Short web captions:
######

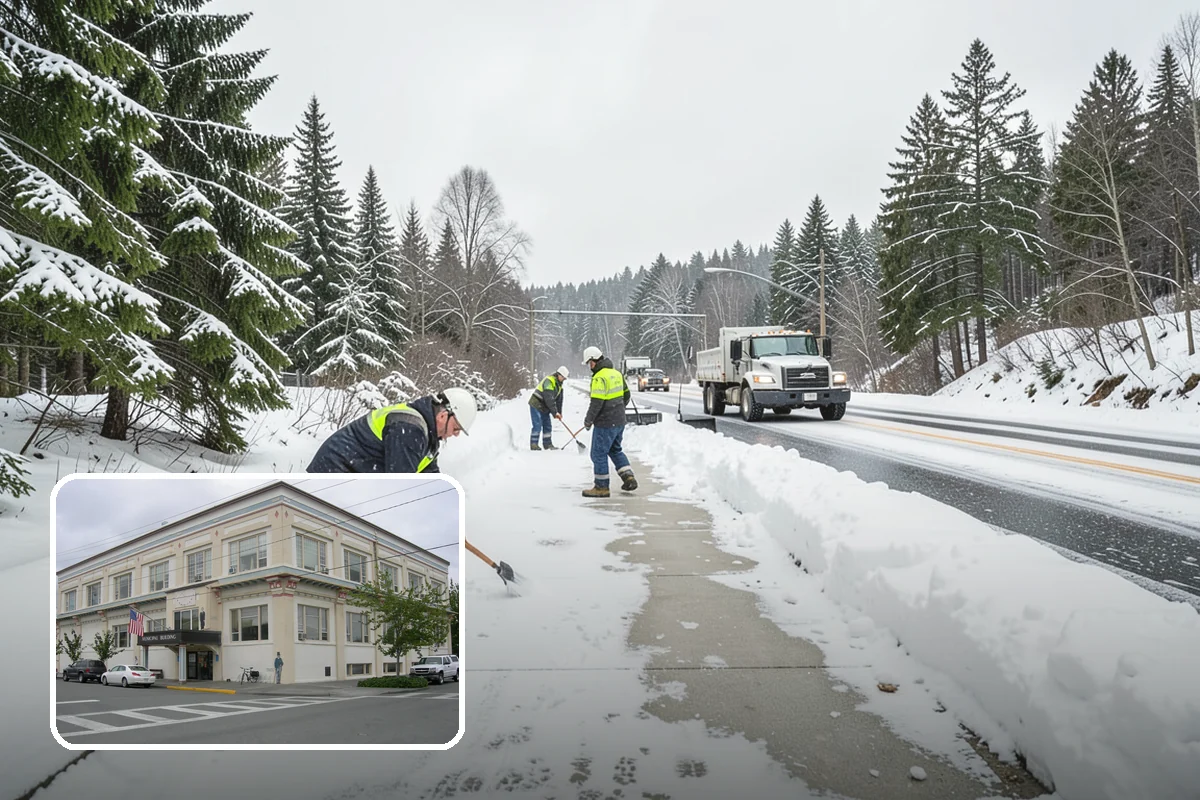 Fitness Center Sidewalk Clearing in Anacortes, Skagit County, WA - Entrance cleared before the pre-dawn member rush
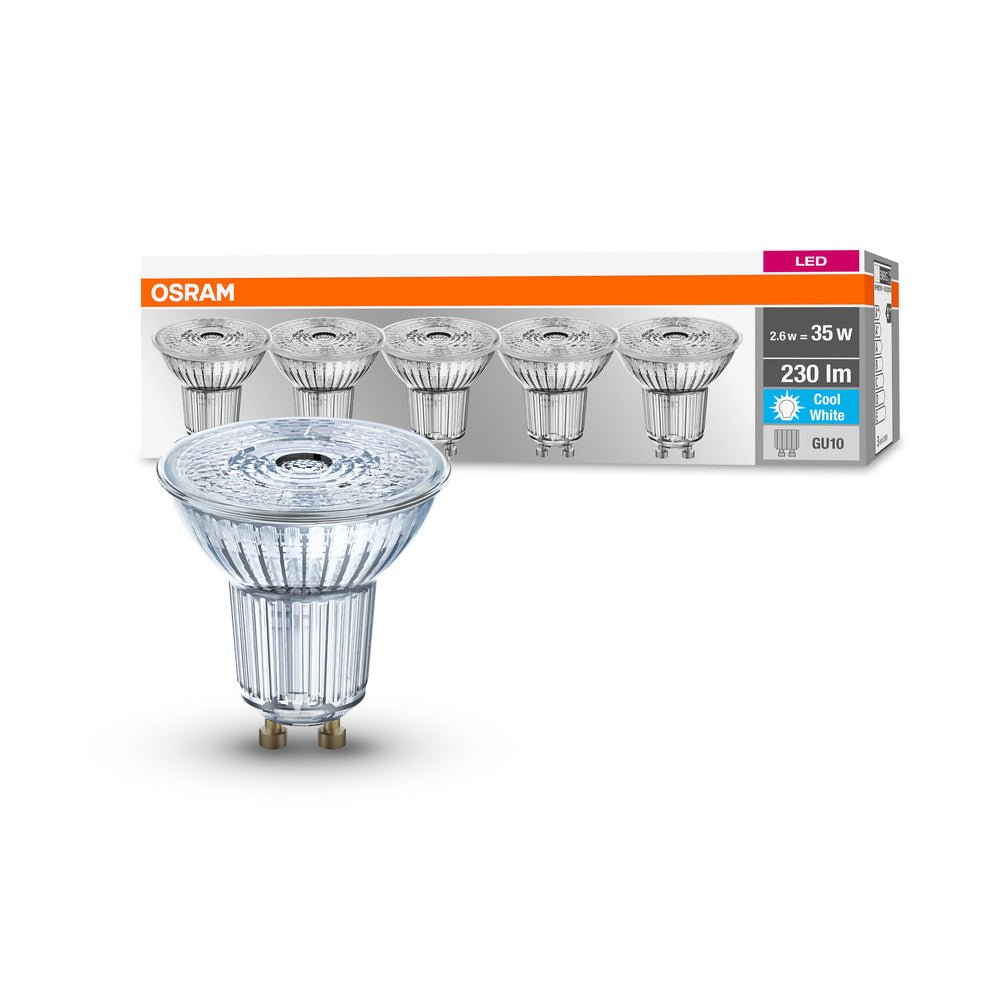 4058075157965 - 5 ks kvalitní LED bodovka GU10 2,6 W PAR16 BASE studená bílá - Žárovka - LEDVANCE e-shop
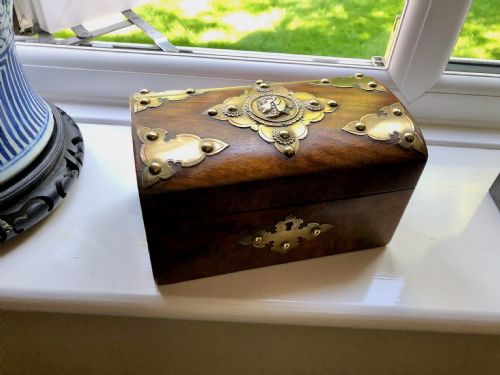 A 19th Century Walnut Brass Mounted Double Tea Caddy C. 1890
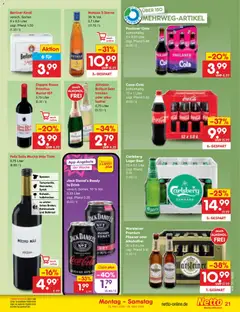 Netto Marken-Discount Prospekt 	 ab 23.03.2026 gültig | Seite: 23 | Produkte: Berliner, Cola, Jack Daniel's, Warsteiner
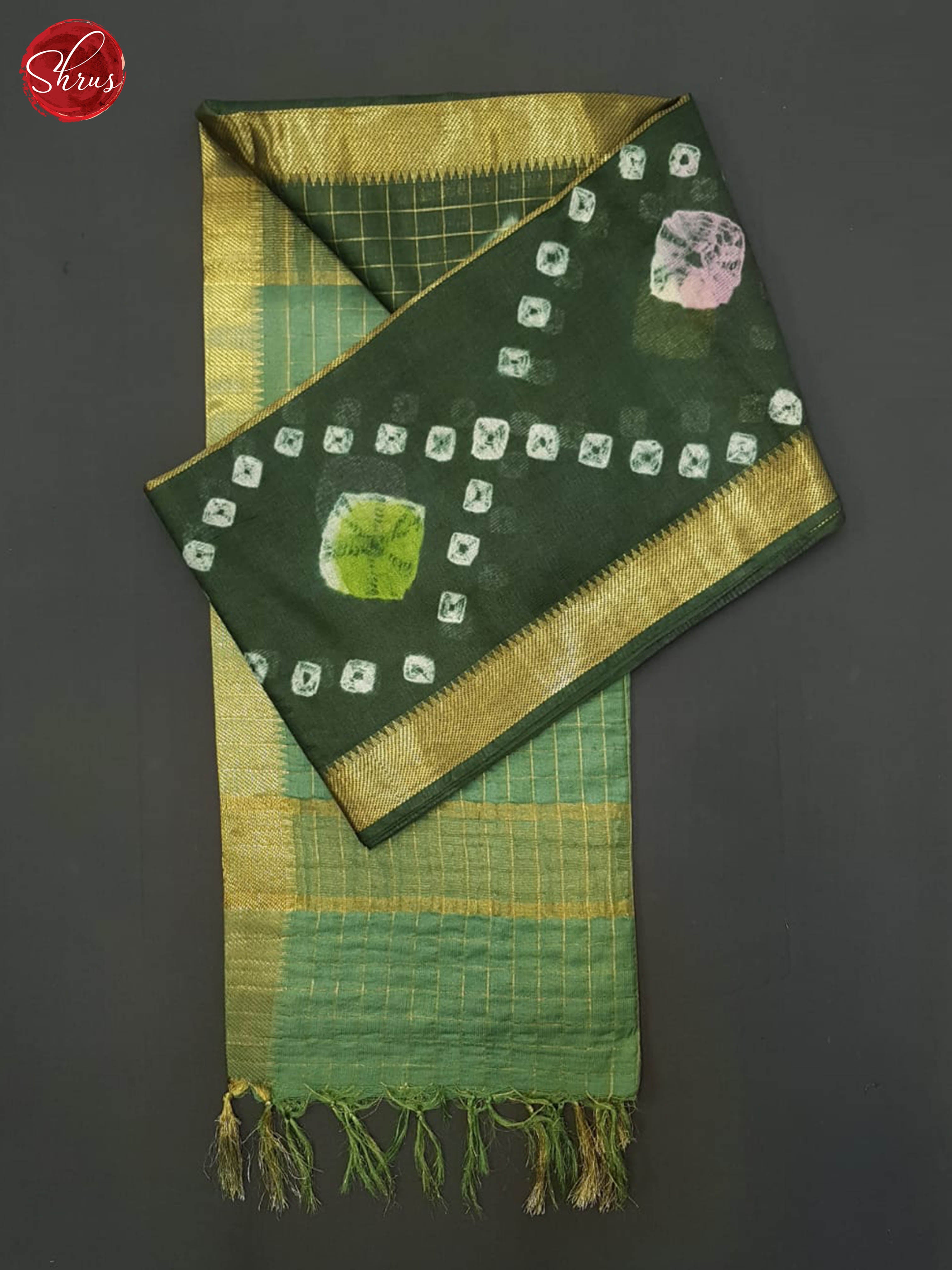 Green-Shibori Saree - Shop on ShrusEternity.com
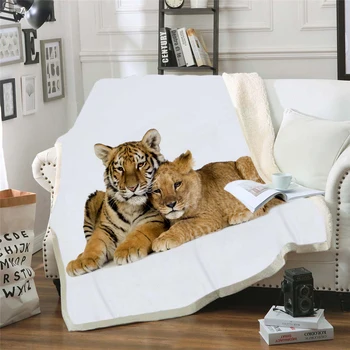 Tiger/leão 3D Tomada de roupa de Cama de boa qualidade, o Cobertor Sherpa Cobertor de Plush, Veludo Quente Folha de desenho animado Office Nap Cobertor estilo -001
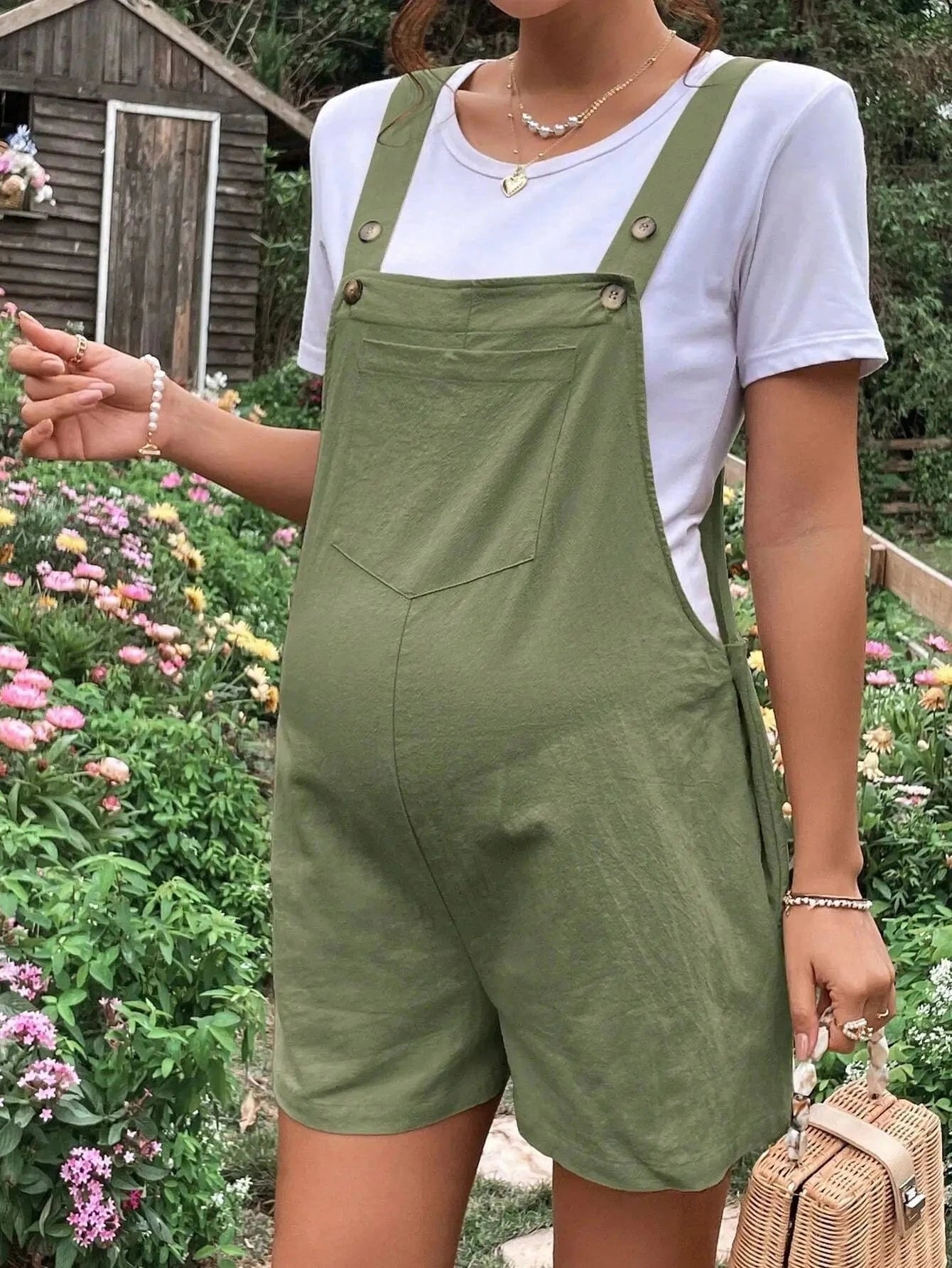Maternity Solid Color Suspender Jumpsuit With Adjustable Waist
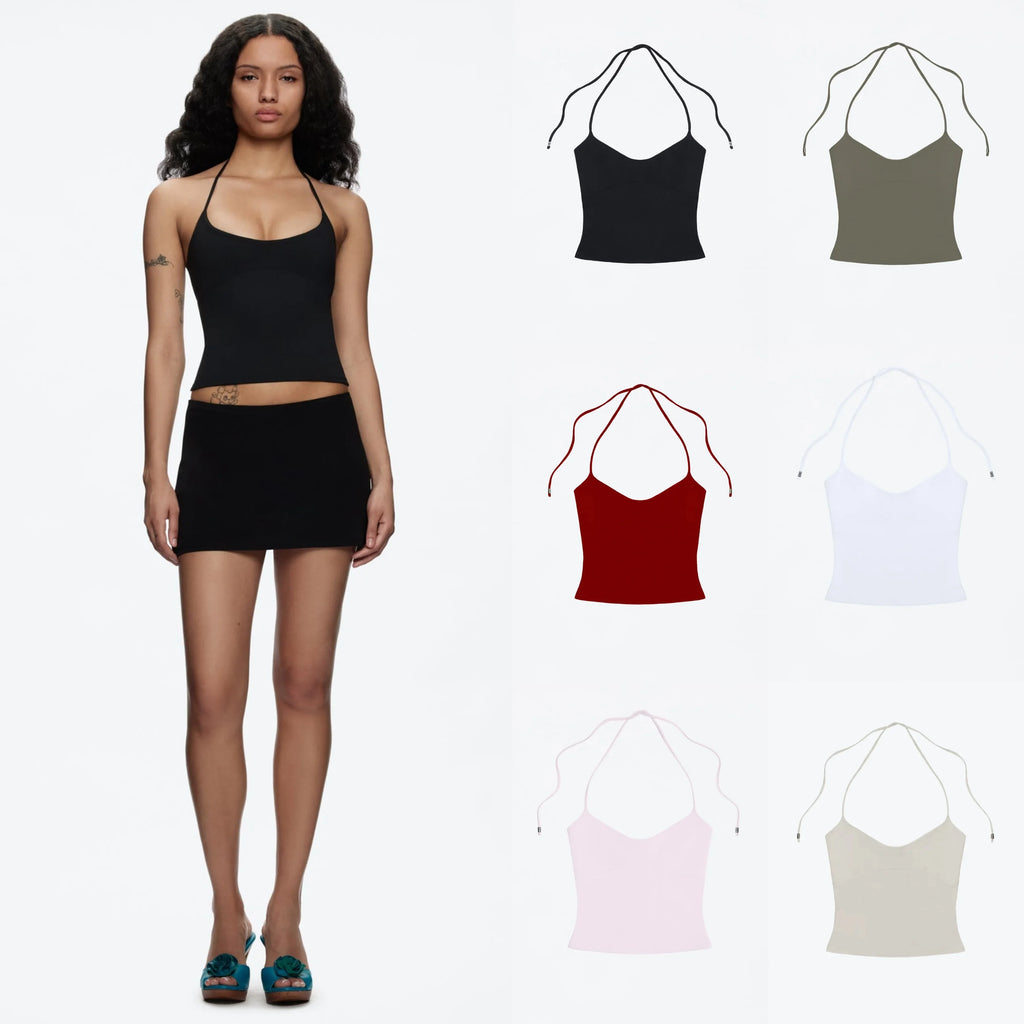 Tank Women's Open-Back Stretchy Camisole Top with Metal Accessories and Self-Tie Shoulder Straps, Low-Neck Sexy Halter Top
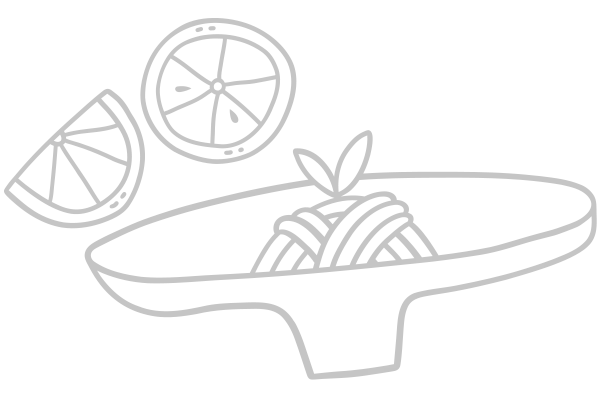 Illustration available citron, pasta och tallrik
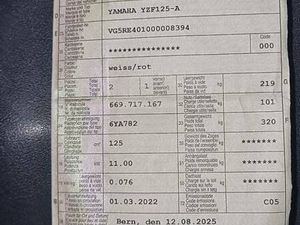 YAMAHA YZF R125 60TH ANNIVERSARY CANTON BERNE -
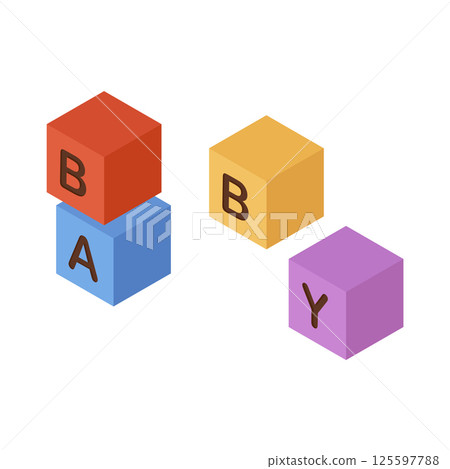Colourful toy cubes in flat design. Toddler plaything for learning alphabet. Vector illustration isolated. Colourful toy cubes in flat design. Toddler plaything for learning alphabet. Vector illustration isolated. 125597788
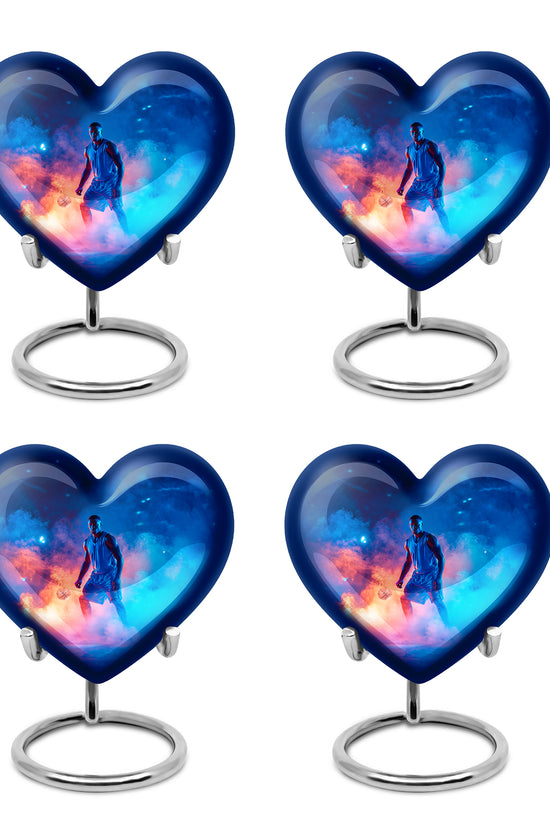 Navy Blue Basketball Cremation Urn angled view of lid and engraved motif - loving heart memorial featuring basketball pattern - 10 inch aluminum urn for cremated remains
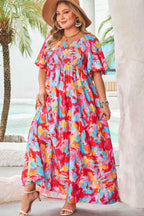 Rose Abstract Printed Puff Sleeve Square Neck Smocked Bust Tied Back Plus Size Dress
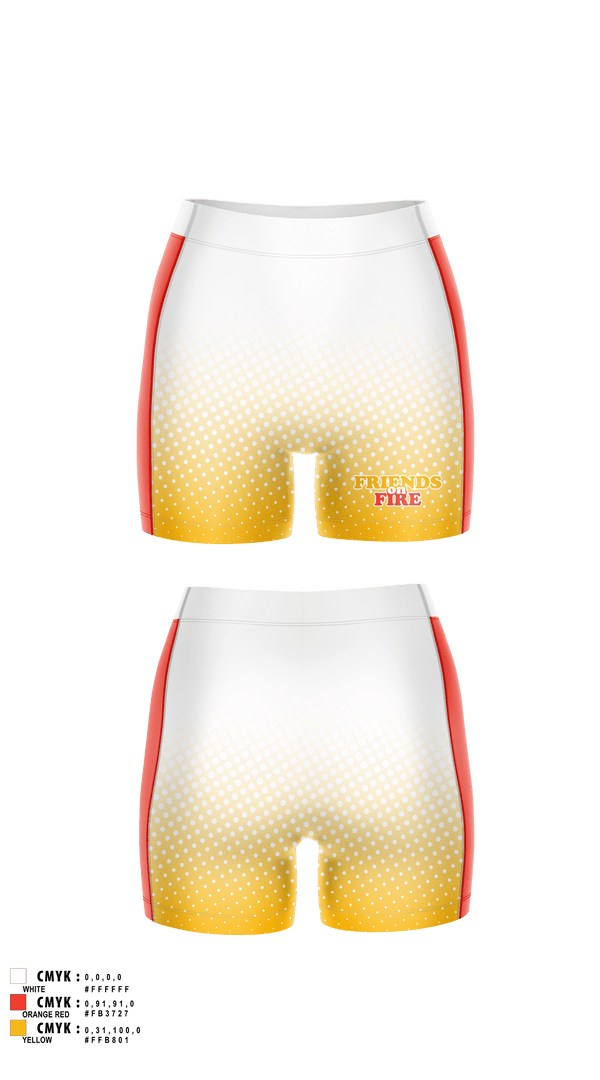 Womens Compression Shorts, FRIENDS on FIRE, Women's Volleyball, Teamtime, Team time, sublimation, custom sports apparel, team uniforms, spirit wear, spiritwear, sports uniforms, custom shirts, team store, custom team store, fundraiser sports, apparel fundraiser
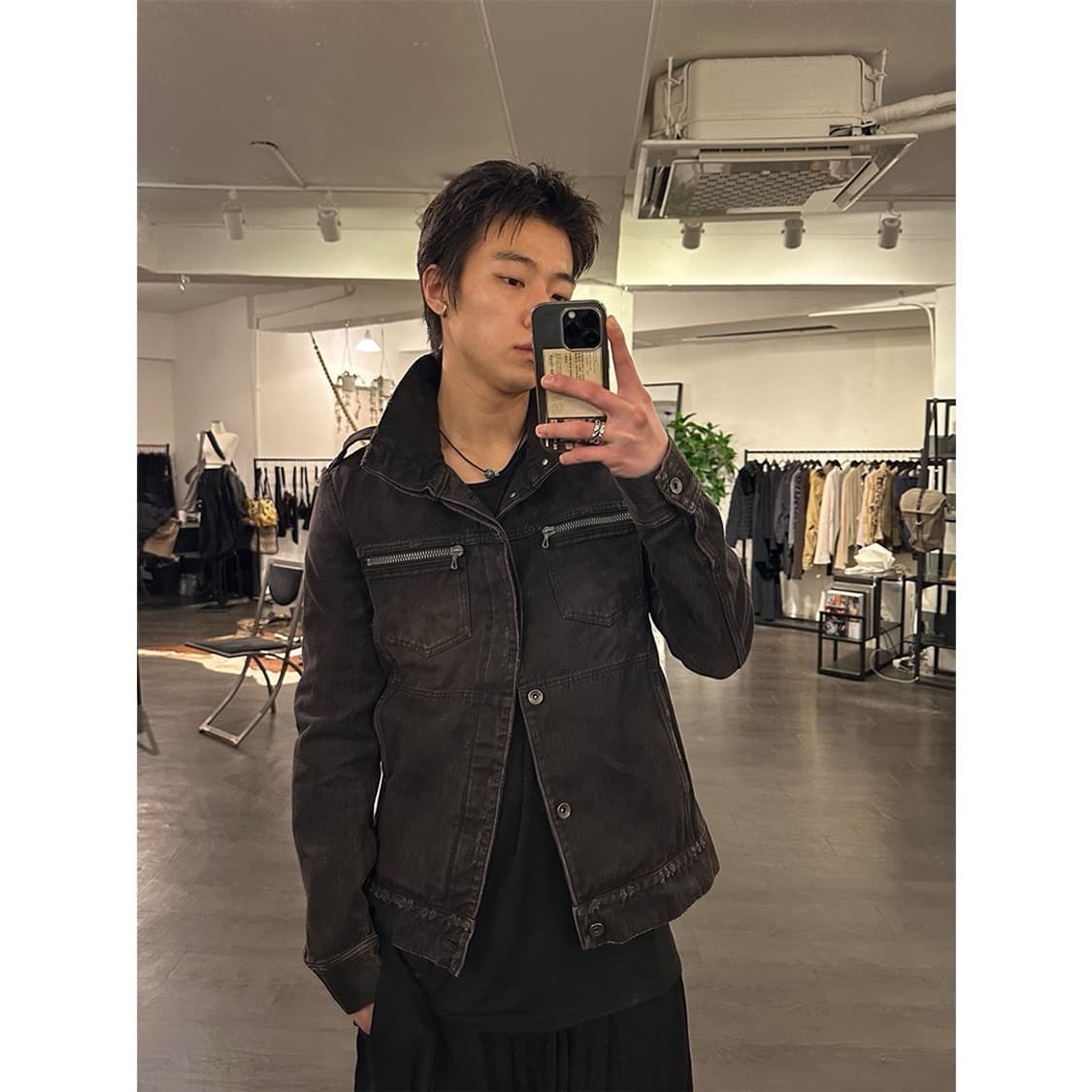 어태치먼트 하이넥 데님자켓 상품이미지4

######

**Task description**
Please transcribe exactly the part of the records that opens with the line containing "Tiger/leão 3D Tomada" and closes with the line containing "Navy Blue Basketball", both ends included, and leave out the pictures.

**Task result**
 Tiger/leão 3D Tomada de roupa de Cama de boa qualidade, o Cobertor Sherpa Cobertor de Plush, Veludo Quente Folha de desenho animado Office Nap Cobertor estilo -001
Maternity Solid Color Suspender Jumpsuit With Adjustable Waist
 Tank Women's Open-Back Stretchy Camisole Top with Metal Accessories and Self-Tie Shoulder Straps, Low-Neck Sexy Halter Top
 Illustration available citron, pasta och tallrik
 YAMAHA YZF R125 60TH ANNIVERSARY CANTON BERNE -
Colourful toy cubes in flat design. Toddler plaything for learning alphabet. Vector illustration isolated. Colourful toy cubes in flat design. Toddler plaything for learning alphabet. Vector illustration isolated. 125597788
 Navy Blue Basketball Cremation Urn angled view of lid and engraved motif - loving heart memorial featuring basketball pattern - 10 inch aluminum urn for cremated remains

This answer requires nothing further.